### [THE PROBLEM]
Every line of the records below that holds the word "Used" should be copied out.

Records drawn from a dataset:
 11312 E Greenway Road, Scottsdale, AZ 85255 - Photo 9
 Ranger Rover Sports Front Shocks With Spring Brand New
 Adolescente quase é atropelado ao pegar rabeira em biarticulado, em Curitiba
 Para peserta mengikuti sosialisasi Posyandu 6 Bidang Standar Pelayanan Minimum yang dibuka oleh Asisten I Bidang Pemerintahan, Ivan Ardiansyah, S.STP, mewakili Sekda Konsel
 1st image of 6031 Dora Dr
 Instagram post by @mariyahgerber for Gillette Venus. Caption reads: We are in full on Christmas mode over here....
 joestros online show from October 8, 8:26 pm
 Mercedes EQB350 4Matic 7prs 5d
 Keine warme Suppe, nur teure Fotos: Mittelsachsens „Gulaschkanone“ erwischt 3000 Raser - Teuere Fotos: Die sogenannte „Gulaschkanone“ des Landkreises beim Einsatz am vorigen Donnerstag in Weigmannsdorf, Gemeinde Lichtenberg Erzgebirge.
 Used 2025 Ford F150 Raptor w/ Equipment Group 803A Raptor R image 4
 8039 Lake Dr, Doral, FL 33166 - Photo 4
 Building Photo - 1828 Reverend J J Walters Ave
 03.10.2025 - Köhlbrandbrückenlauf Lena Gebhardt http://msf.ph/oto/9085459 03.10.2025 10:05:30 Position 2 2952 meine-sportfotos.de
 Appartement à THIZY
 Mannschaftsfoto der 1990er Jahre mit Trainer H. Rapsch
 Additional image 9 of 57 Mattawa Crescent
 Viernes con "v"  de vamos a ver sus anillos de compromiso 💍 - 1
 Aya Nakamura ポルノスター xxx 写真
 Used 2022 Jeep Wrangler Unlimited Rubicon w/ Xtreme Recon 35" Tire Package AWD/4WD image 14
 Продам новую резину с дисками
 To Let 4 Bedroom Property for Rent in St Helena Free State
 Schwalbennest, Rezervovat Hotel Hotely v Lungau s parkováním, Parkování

### [ANSWER BOX]
 Used 2025 Ford F150 Raptor w/ Equipment Group 803A Raptor R image 4
 Used 2022 Jeep Wrangler Unlimited Rubicon w/ Xtreme Recon 35" Tire Package AWD/4WD image 14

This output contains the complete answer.